Shy Partners and Asset Strippers



A digger inside a subterranean chamber at the former Cleveland Ironworks


Scott Hunter

27 January 2021


4 October 2021, and Michael Gove delivers his speech to the Conservative Party Conference. It is Teesside that is on his mind as he stands up to address the party faithful. Teesside his inspiration.


“Tees-side…neglected for decades under Labour…. its proud heart nearly broken…. now revived …. regenerated, renewed …. by the CONSERVATIVE LEADERSHIP ... of the amazing … BEN … HOUCHEN!”


A week earlier he had visited the region, had been taken to Teesworks, the site of the UK’s largest regeneration project and its largest freeport. And as he stood among the rusting hulks of a bygone era of heavy industry, Gove had a vision of the new Jerusalem in the twisted metal and poison earth of the wasteland; a region revived, regenerated, and renewed. A beacon of our Libertarian future. It must have been a spellbinding moment.


And thus his vision turns to dust …


At the end of November the STDC reduced its share in Teesworks Limited from 50% to 10%, which, since then, has been 90% owned by two local property developers, Chris Musgrave and Martin Corney. The endless stream of good news from Tees Valley mayor, Ben Houchen, about rapid progress on the Teesworks site is starting to look a little jaded. Houchen has claimed in a recent statement to ITV News Tyne Tees that the alternative to this change was for the whole project to be mothballed, effectively admitting that it has been chronically underfunded.
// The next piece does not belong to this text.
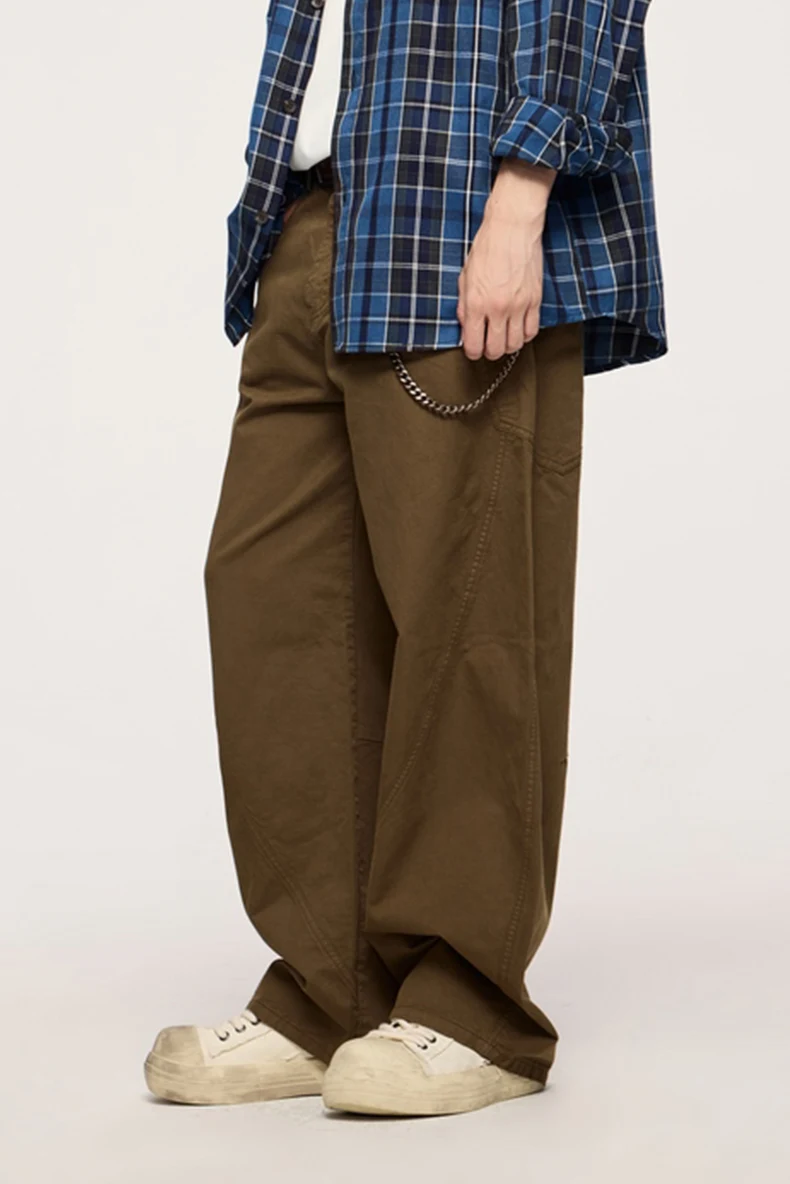 Asut-Dyed Scimitar Cargo Pants image 14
Mothballed? The key driver of Teesside’s economic regeneration? The freeport? Houchen’s flagship achievement? 


And furthermore, it seems that while Houchen really, really wants to offload the project, the developers really, really want to acquire it.


How did it come to this? What is motivating the property developers? And what’s contained in the new deal?
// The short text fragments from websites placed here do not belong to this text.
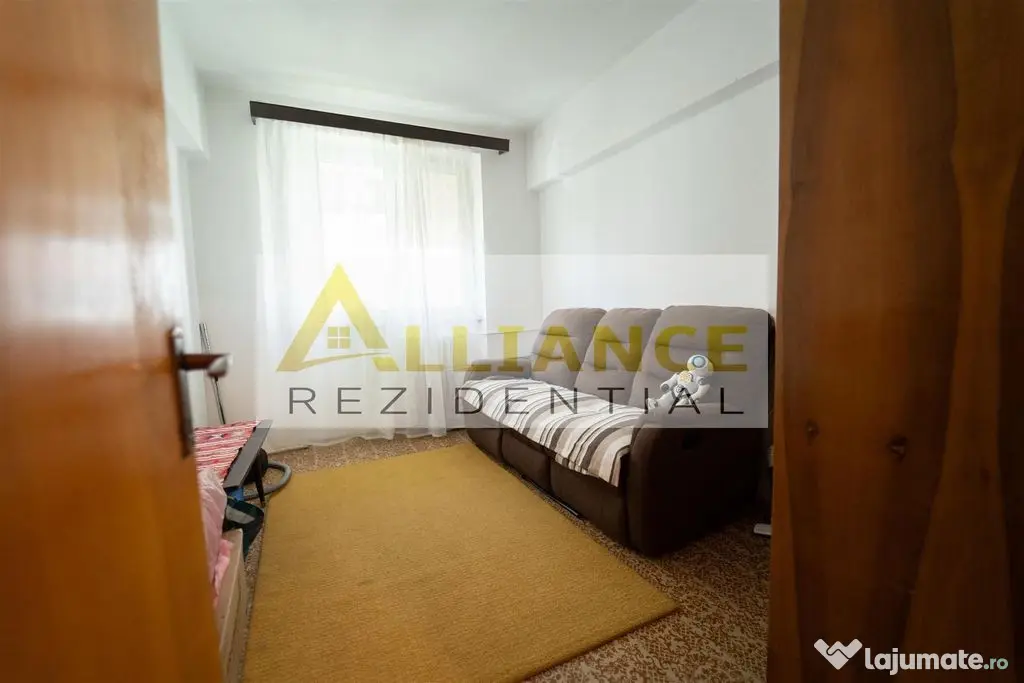 10 MINUTE METROU TINERETULUI - APARTAMENT 3 CAMERE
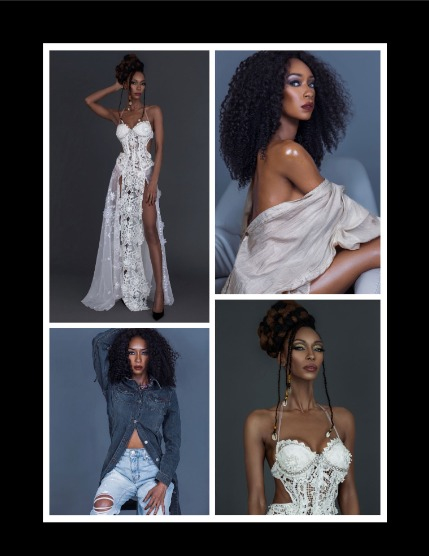 UNTAMED BEAUTY (Vol. 382 July 2026), page 3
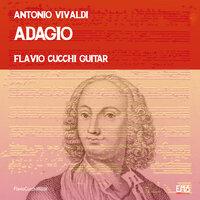 Concerto per violino e organo in A Minor, RV 775: II. Adagio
To understand what has been happening it is necessary first to look at Corney and Musgrave’s involvement with the STDC, and also to look more closely at the new shareholding.


Corney and Musgrave Gatecrash the Corporation’s Party


When Corney and Musgrave became joint venture partners in Teesside Airport Business Park in March 2020, it was done in a blaze of publicity.  We learn from Darlington Borough Council papers of March 2020 how that applicant came to be selected (several local councils have a shareholding in the airport). Two things were of primary importance – that the developer should be locally connected and would be prepared to make their return in the long term through dividends. The document is detailed and shows that the successful applicants thus had to make specific commitments in order for their bid to be accepted. 


It was also in March 2020 that STDC director of finance, Gary Macdonald, recommended to the board of the Development Corporation that they set up a joint venture partnership with, as it turned out later, the same two developers.


Of the major differences between the two ventures, one is that there is no corresponding document in the public domain that states the nature of the partnership, or the commitments made by the developers to STDC. And when this joint venture partnership was made public, it wasn’t in the minutes of a meeting of the board, but at a Tees Valley Business Club event in July of that year.


Another is that, while at the airport a joint venture company was set up, at the Development Corporation a pre-existing company owned by Corney and Musgrave co-opted the STDC chief executive, Julie Gilhespie, and the company changed its name, from South Tees Enterprise Ltd (STEL), to Teesworks Limited. Four shares were then issued – two owned by the Corporation and one by each of the developers respectively.

A third and final difference is that it was quite explicit at the airport what the venture was. This was not the case at the Corporation. So, in August 2021, as we reported in an earlier article,  we wrote to Gary Macdonald to ask, initially, who the partner was.


We got no reply. So, we sent a FOI request to the TVCA to find out the identity of the partner and what the venture was. About a week later we wrote to the TVCA again to ask for acknowledgement of receipt of the FOI request. We have received neither.


At a later stage the Corporation set about creating another joint venture – a partner with whom to share the establishment of a power network for the site.  A specific project with specified outcomes, and tender issued. All at odds with the partnership created with Corney and Musgrave.


Shy Partners


Eventually, we found the information we wanted for ourselves. Well, up to a point, anyway. The following statement appeared in the board agenda papers in November 2020:


There are two things to observe about this statement. One is that, as explanations go, this is not the best. It is a far cry from the detailed statement given about the business park venture at the airport. The other thing is that it was inserted into this annual financial statement only at the behest of the Corporation’s auditors, Mazars LLP (as evidenced on p.98 of the same document). Had it not been for them, we might still have no idea about what Teesworks Limited actually does.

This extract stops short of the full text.